Data extracted from a collection:

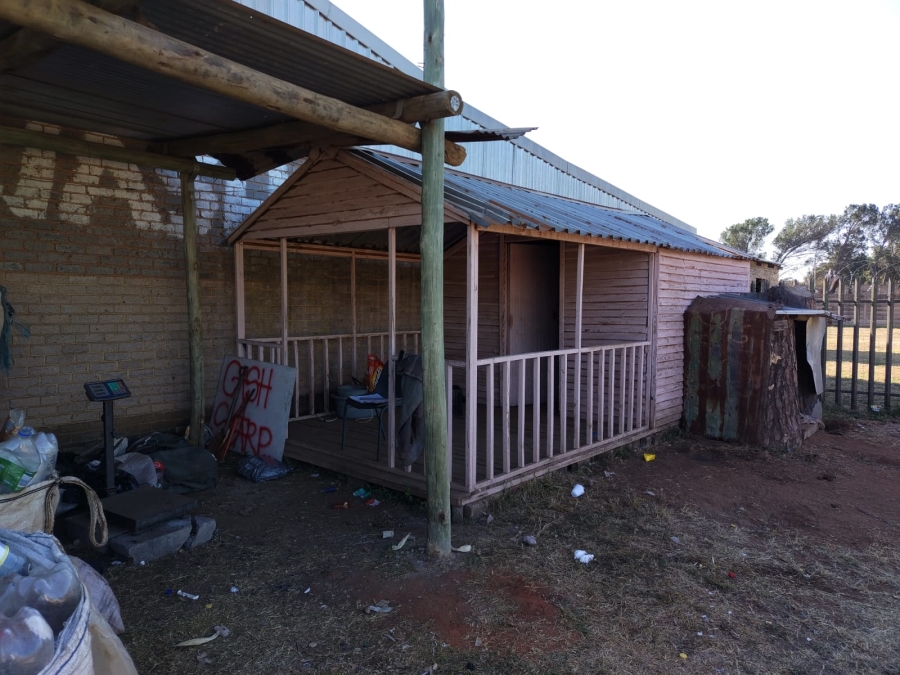 Commercial Property for Sale in Unitas Park Gauteng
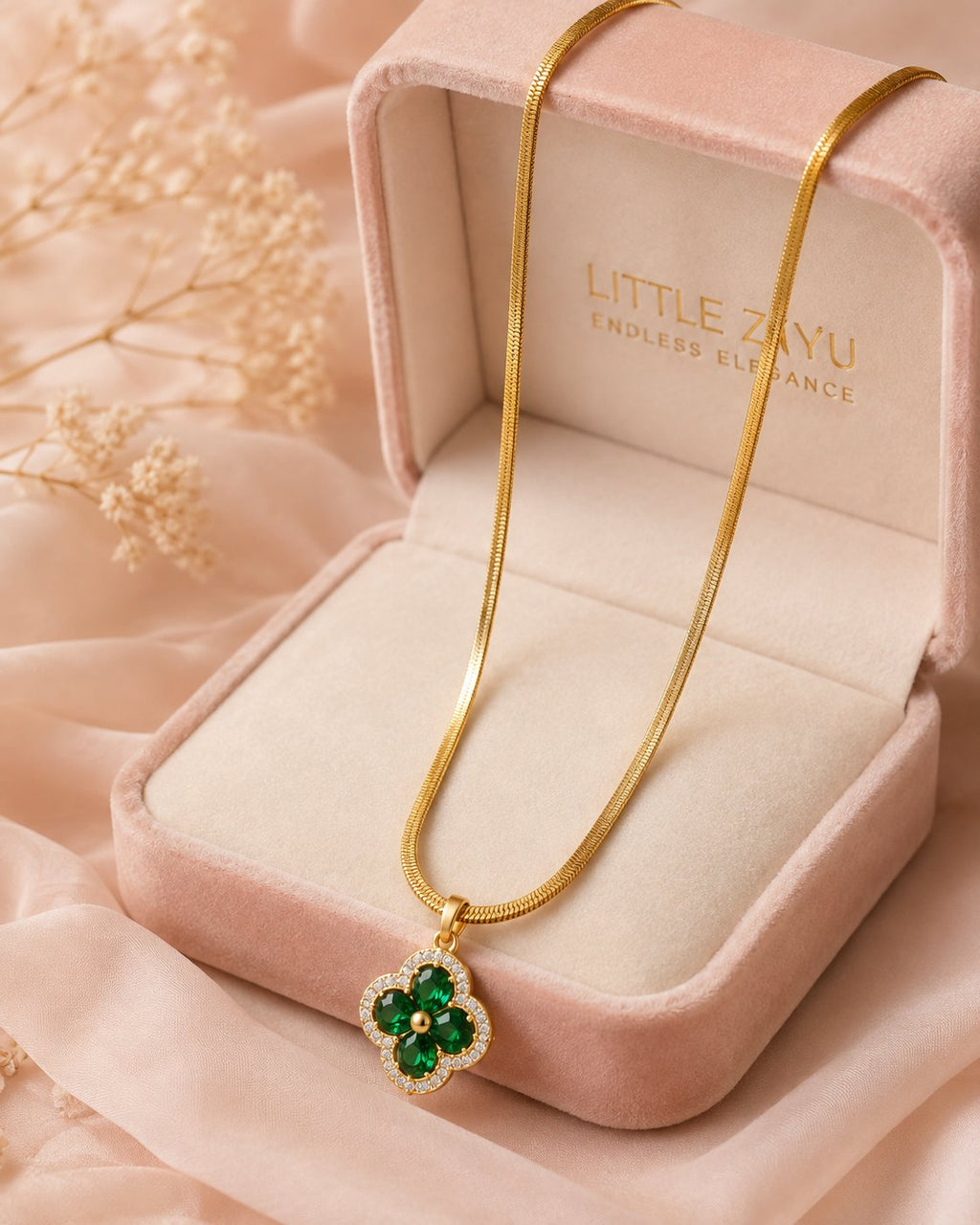 Emerald Clover Pendant Necklace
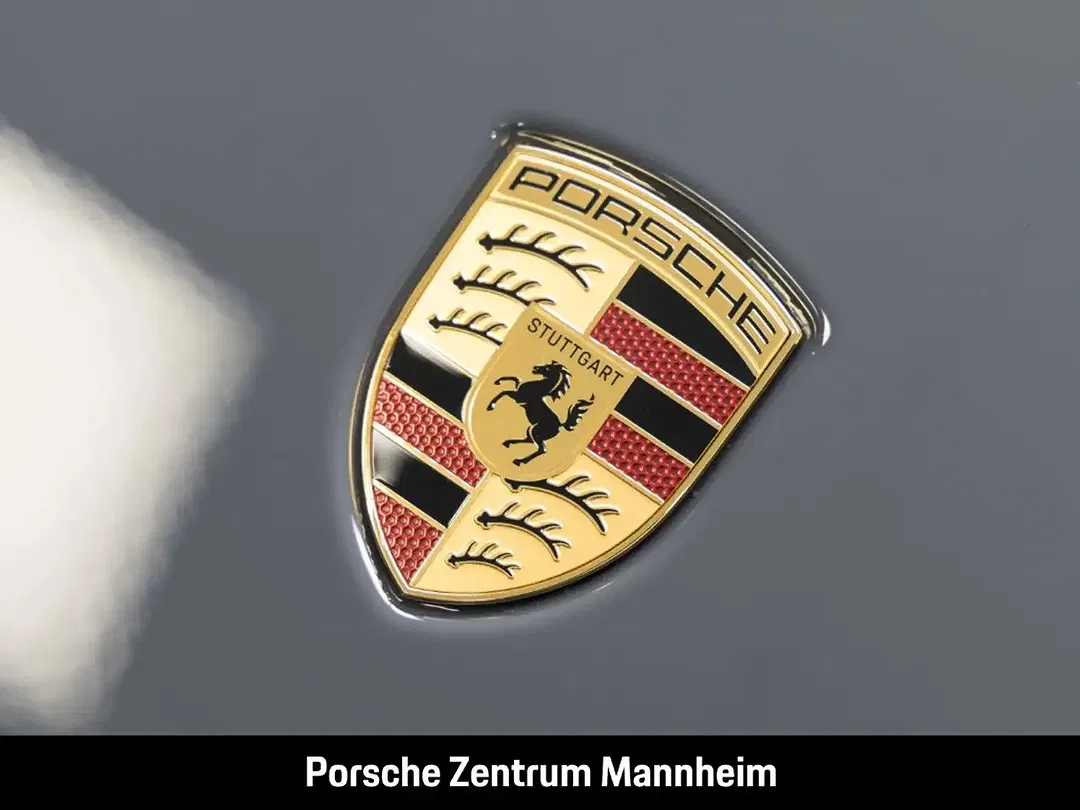 Porsche 992 - Thumbnail 13
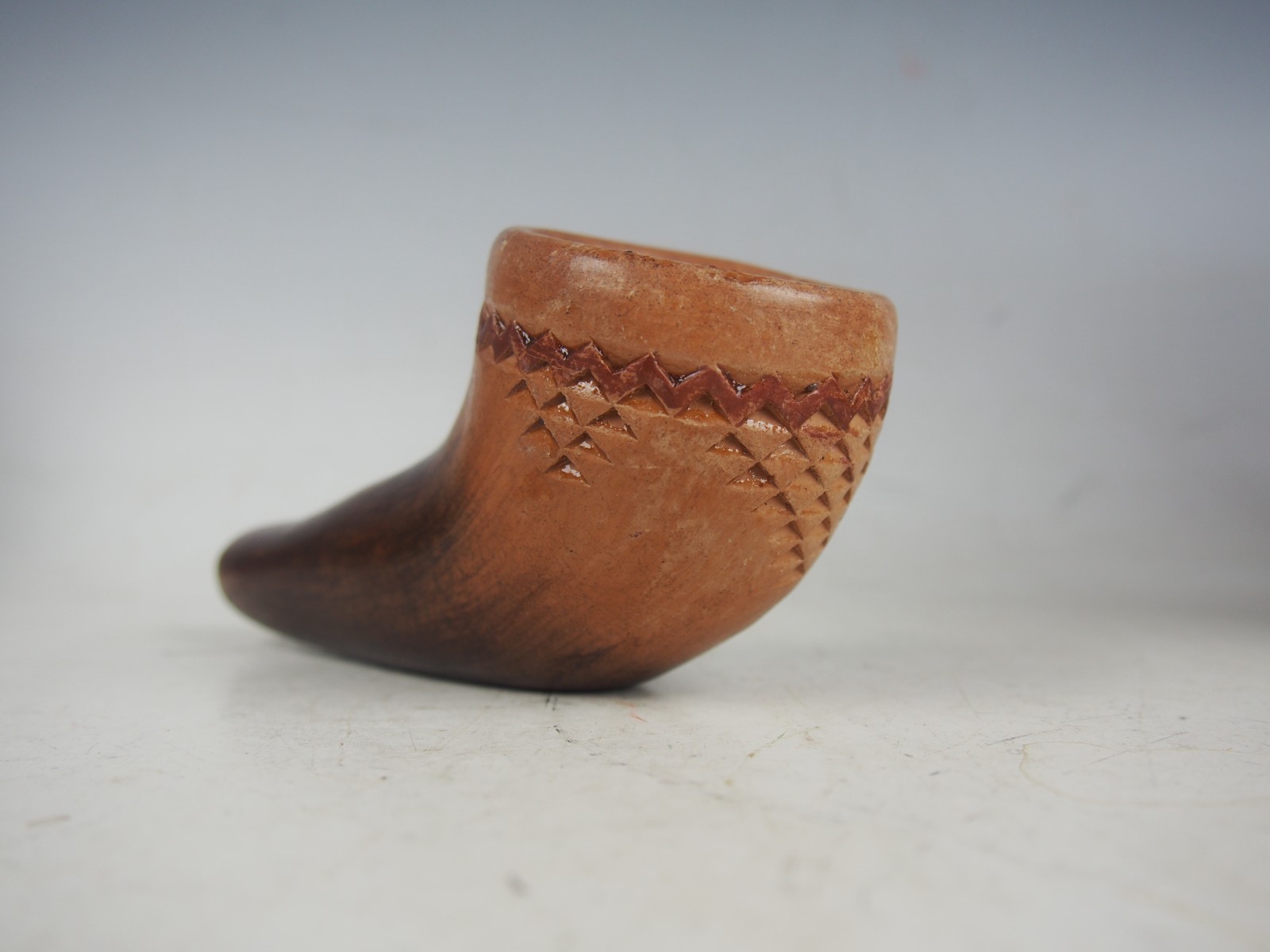NAVAJO CLAY PIPE - LORRAINE WILLIAMS YAZZI - 4 INCHES LONG - #2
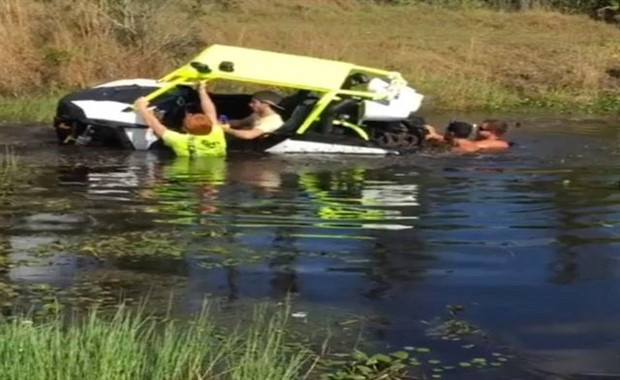 Yok böyle talihsizlik merdivene sıkıştı olanlar oldu - Resim: 2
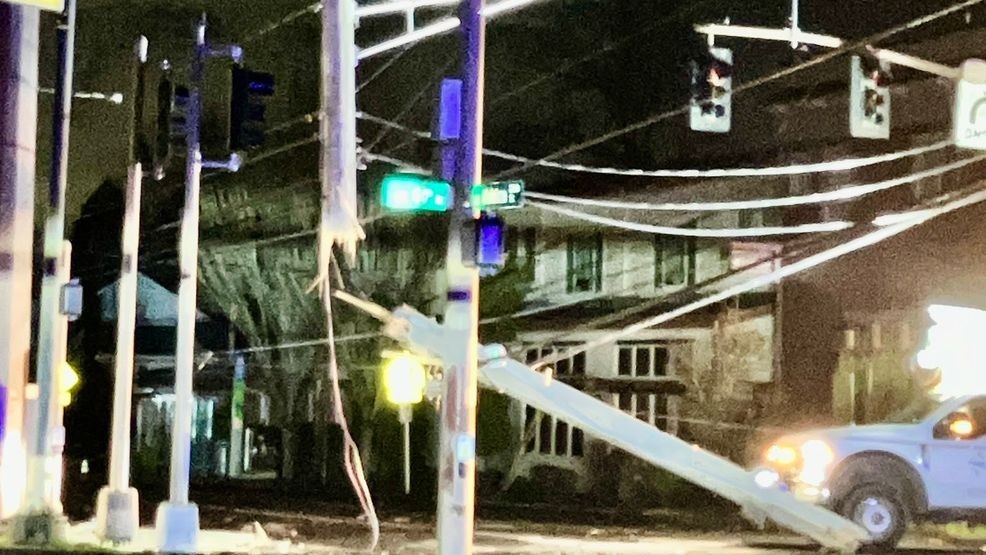 Power pole crash knocks out power in Southeast Portland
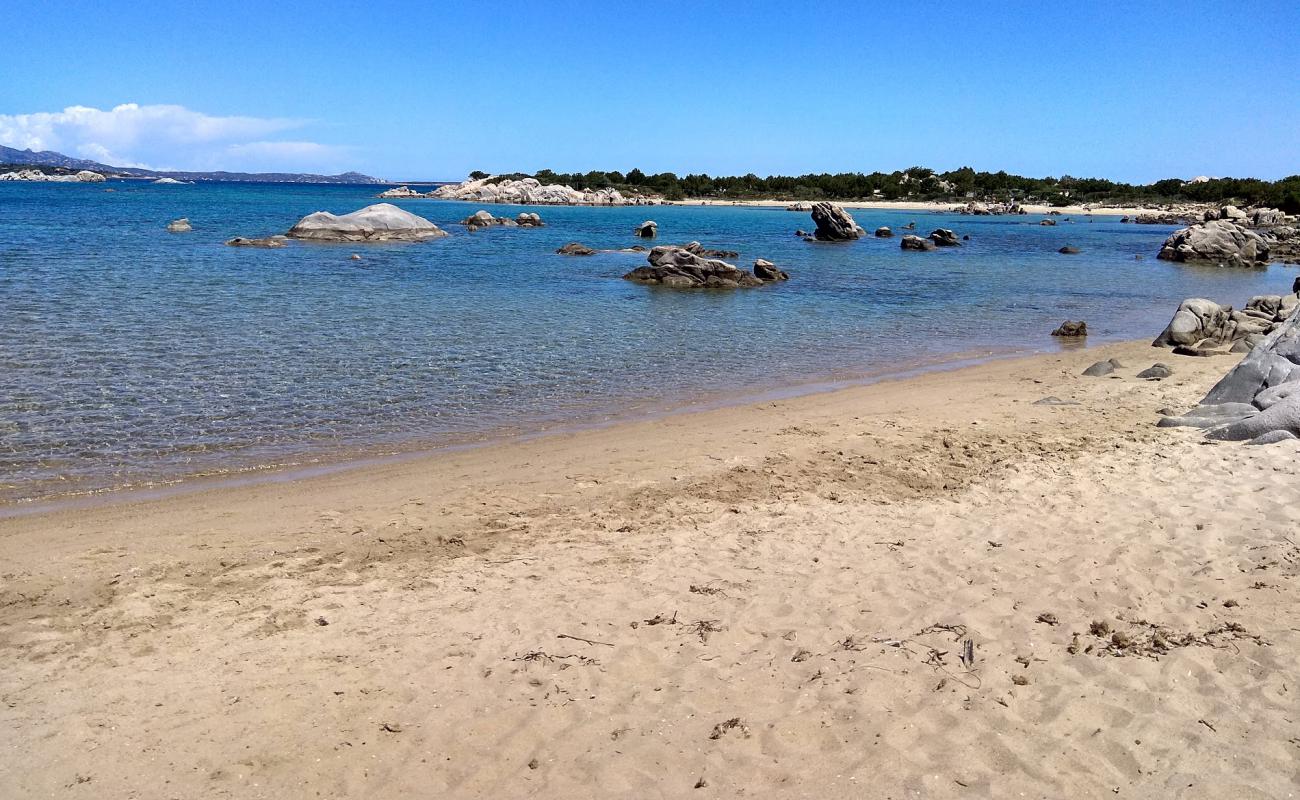 Cala Marana'in fotoğrafı parlak kum yüzey ile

_What to work on:_
From the line that contains "NAVAJO CLAY PIPE" down to the last line of the entries above, copy every line exactly and leave out the pictures.

_Response to this task:_
NAVAJO CLAY PIPE - LORRAINE WILLIAMS YAZZI - 4 INCHES LONG - #2
 Yok böyle talihsizlik merdivene sıkıştı olanlar oldu - Resim: 2
 Power pole crash knocks out power in Southeast Portland
 Cala Marana'in fotoğrafı parlak kum yüzey ile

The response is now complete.